━━━ Collected data ━━━
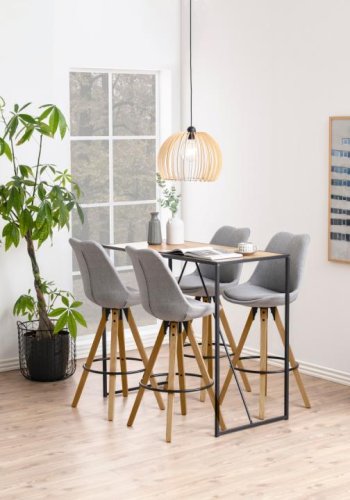 ACT NORDIC Dima barstol, m. rygln, fodsttte og lynls - lysegr stof og natur gummitr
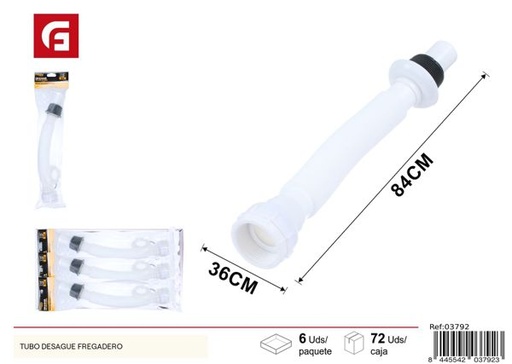 [03792] Tubo de desagüe con sello de goma 1-1/2 a 1-1/4 blanco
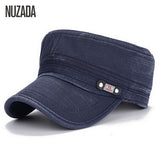 NUZADA - Military Hats Flat Top Cap Solid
━━━
Exercise objective: Please copy the data above exactly; the pictures do not belong in the copy.

Response to the exercise:
 ACT NORDIC Dima barstol, m. rygln, fodsttte og lynls - lysegr stof og natur gummitr
 [03792] Tubo de desagüe con sello de goma 1-1/2 a 1-1/4 blanco
 NUZADA - Military Hats Flat Top Cap Solid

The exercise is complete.